フリーライター・婚活ライター・婚活アナリスト、古田ラジオのブログです。

エデンのニシエヒガシエ

http://www.itmedia.co.jp/news/articles/0906/01/news045.html
梅田望夫が不思議なところは「総表現社会」自体についてはよく言及するが、「そこで何が表現されるか」ということについてはあまり言及しない事だ。
つまり、チープ革命(主にIT関連のモノやサービスの著しい低価格化によって社会の革命的変化が起こること。たとえば携帯電話やネットの普及など)によって、各個人の表現・発信のためのコストが劇的に下がる=実質無料になり、誰でも表現者になれる可能性を持つ社会がくるぞ、くるぞ、という煽りはしても、「そこで何が表現されるか」という事に対してはあまり関心がないのではないだろうか。
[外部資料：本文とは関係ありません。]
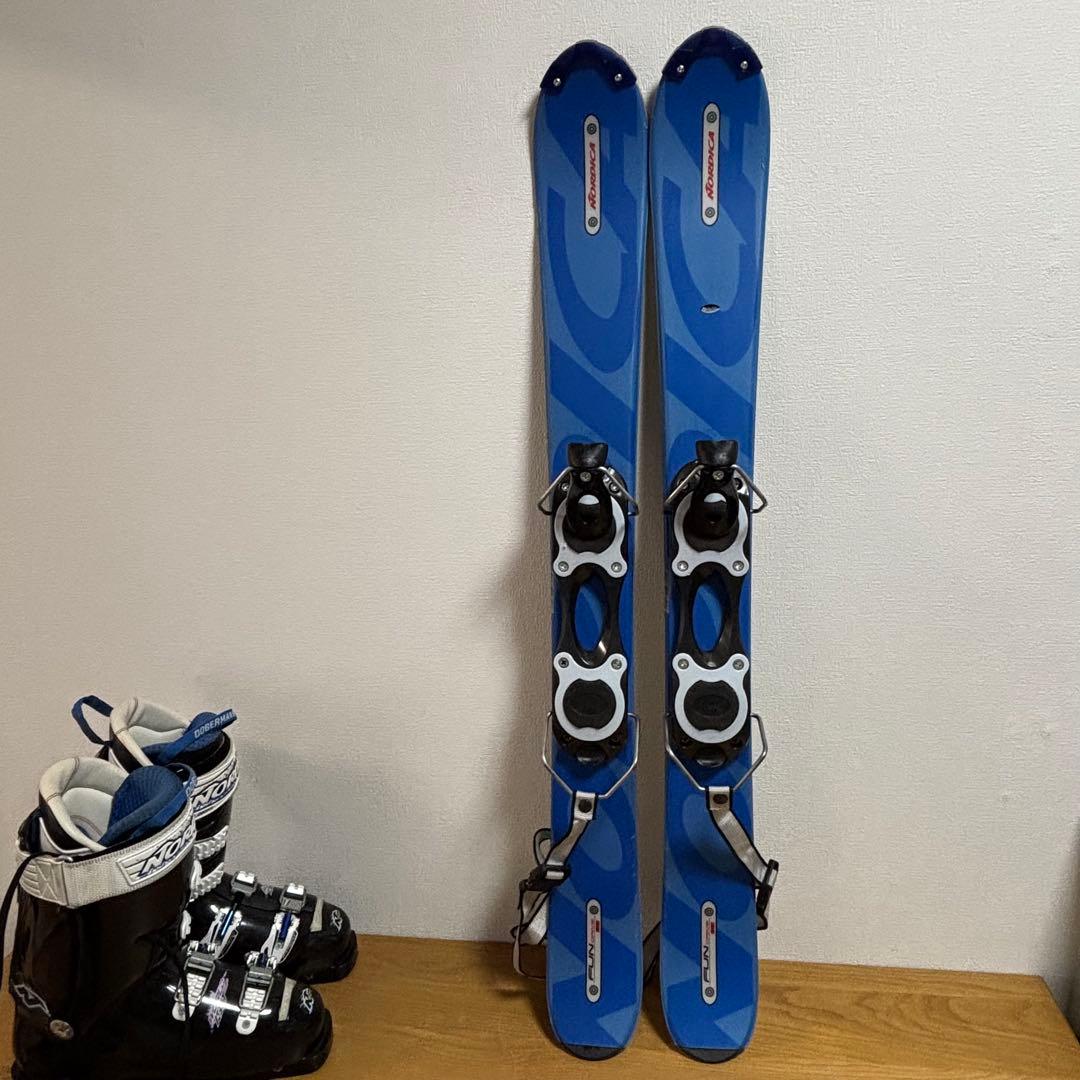 メンズ　ショートスキーファンスキーセット　Nordica 26/26.5cm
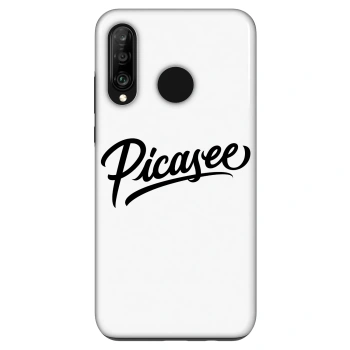 Obal pre Huawei P30 Lite - Picasee - old logo - black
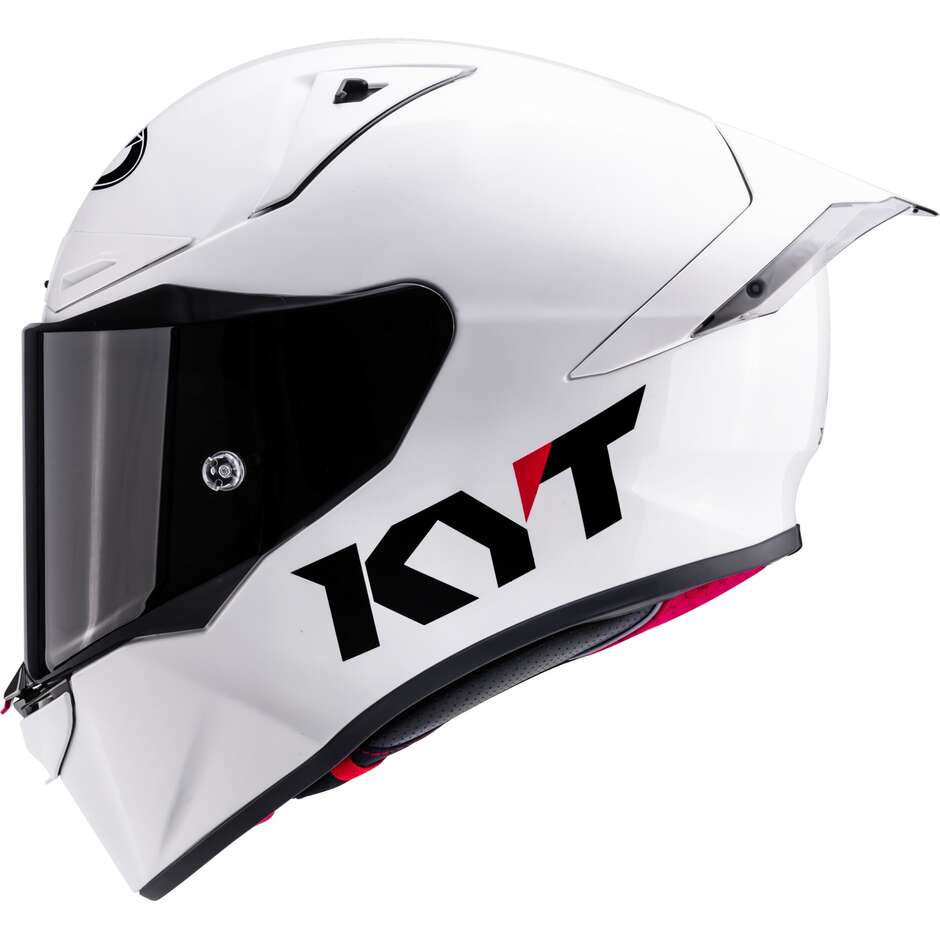 Kyt R1R PLAIN White Full Face Racing Motorcycle Helmet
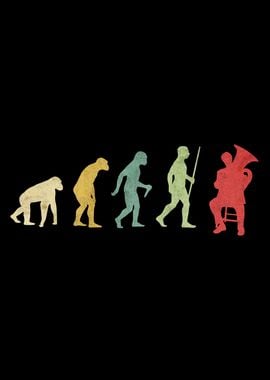 Tuba Playing Man Evolution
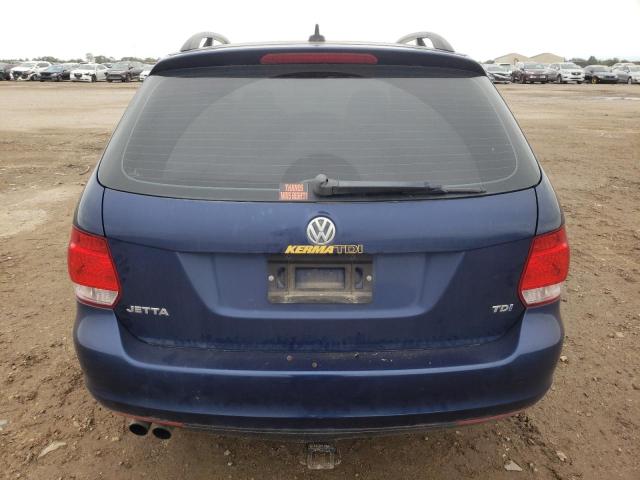 3VWPL7AJ0EM627742 - 2014 VOLKSWAGEN JETTA TDI BLUE photo 6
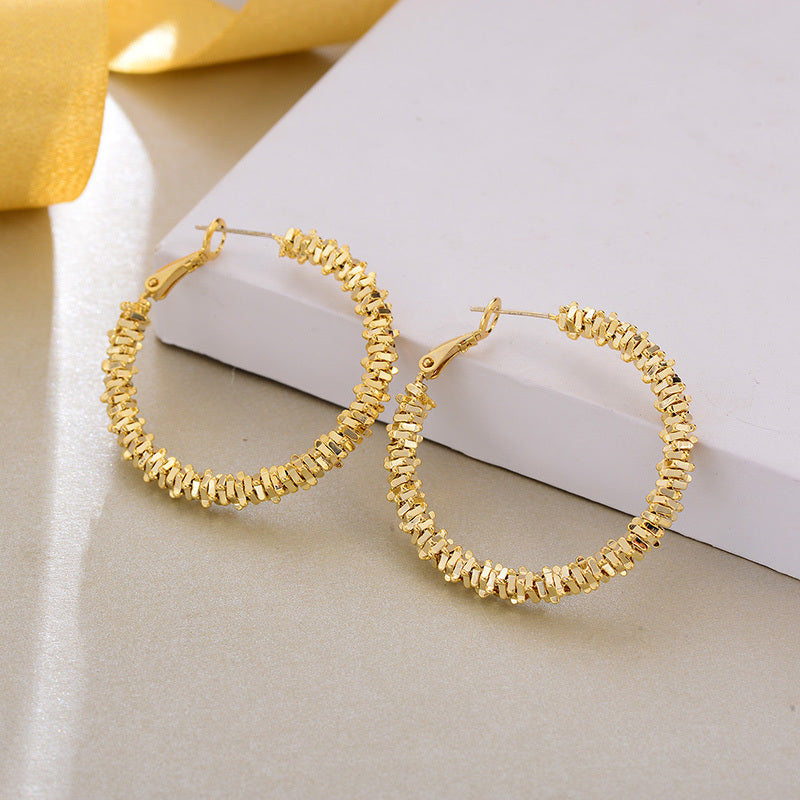 Stacked Geometric Hoop Earrings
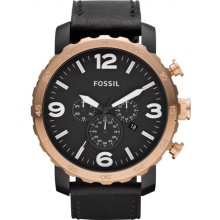 Fossil Nate Leather Mens Watch JR1369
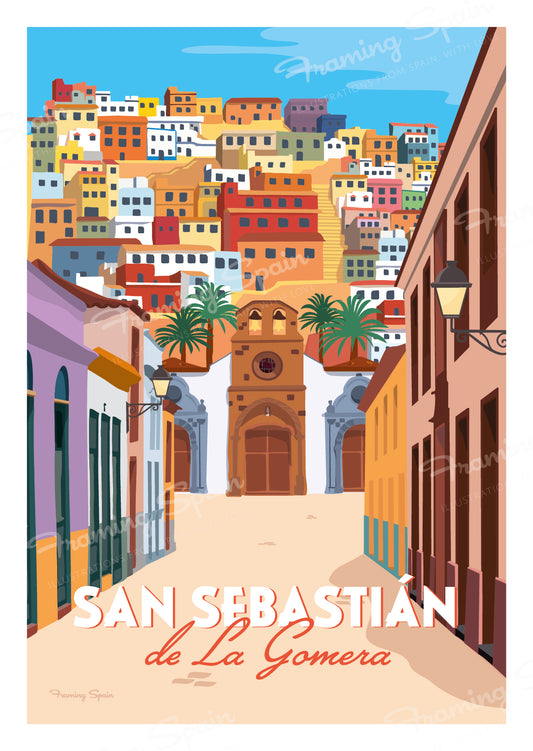 San Sebastián de La Gomera - Postcard
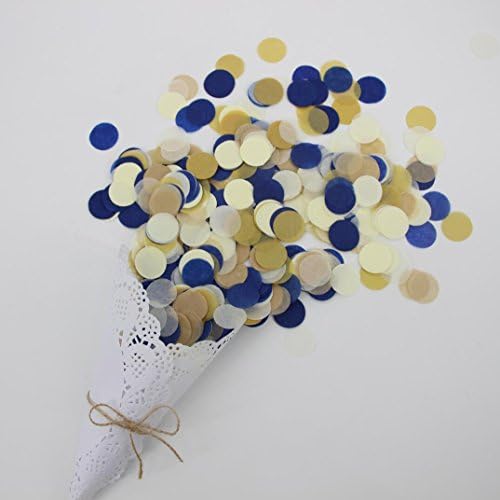 Mybbshower Navy Gold Circle Cocket Confeti לחתונה למקלחת כלות אירוס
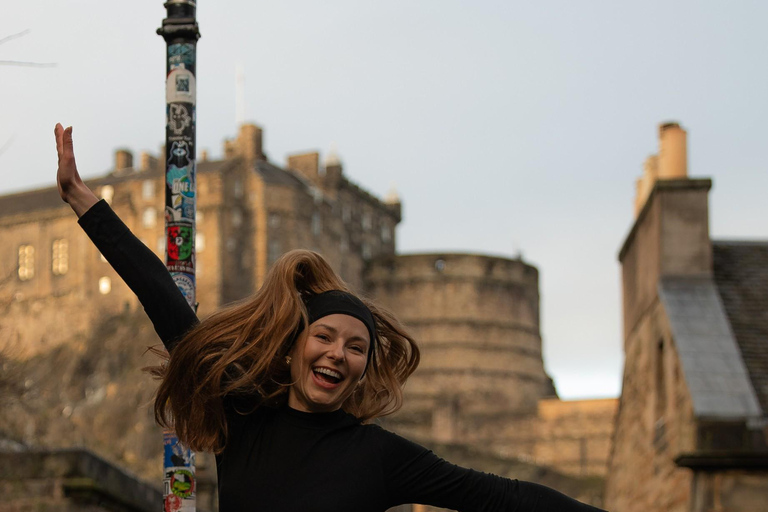 Edinburgh Photo Tour: Professional Photoshoot 2 Hour Complete Edinburgh Photoshoot (with video + B&W set)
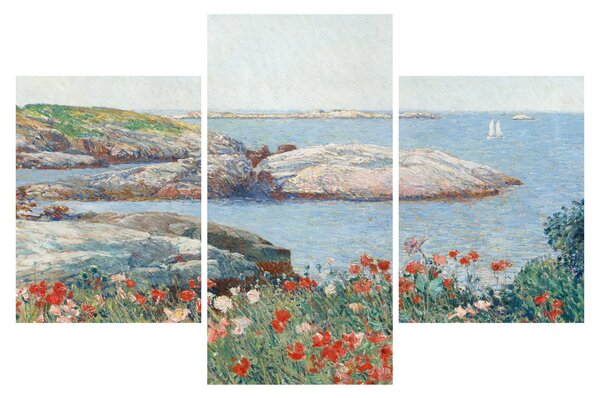 Slika - Childe Hassam, Poppies, Isles of Shoals, reprodukcije (90x60 cm)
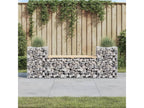 Banc de jardin design gabion 183x41x60.5 bois massif de pin GUEP18078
それはもっちーの自己啓発的な側面(もう少しマイルドに書くとヒッピー/シリコンバレー的?)な側面を端的に表しているとは思う。ここで自己啓発的と書いたが、世の中にはそういう予言で煽りまくる人間も必要だ。
だが、総表現社会が登場したとして、私たちは何を表現すればよいのだろうか。
梅田は誰もが表現ができるインフラさえ整えば、誰もがインターネットを使って「ハイブロウな」表現(なんだそれ?)を始めると考えていますが、事はそう簡単ではありません。もちろん、政治経済や音楽なり映画なりといった自分の専門領域がある人や、既存のマスメディアの人間のようにそれを上手く言語化できる術を持つ人間や「その人が文章を書くこと」それ自体が価値を持つ人(芸能人や政治家のブログがこれに当たる)にとっては何の問題もない。
しかし、日本においては自分の専門領域を持たず、それを上手く言語化できる術も持たない人間の方が多数派なのではないか。つまり、「書く事がない」。「書く事はない」が「書きたい」と思う人にとって、唯一、誰にでも存在し、かつ表現できるものは私たちの感情だ。


嬉しいとか悲しいとか、腹立つとか。


そういう感情をぶつけることだって立派な表現だとはいえないか。


発言小町mixiニュースへのコメント日記を見てみればいい、そこで記述されているのは、ハイブロウな見解ではなく、素直な感情の表出だ。つまり我々は自らの感情をコンテンツ化する。
「総表現社会」は「総感情表現社会」だと言えるのではないか。
それが日本だけでの現象なのか、それが「残念」かどうかは私には理解できないが、それでも、それもインターネットのありようの一つなのではないかと私は思う。
それにしても「残念」だなんて、シリコンバレーでは波田陽区でも流行っているのだろうか。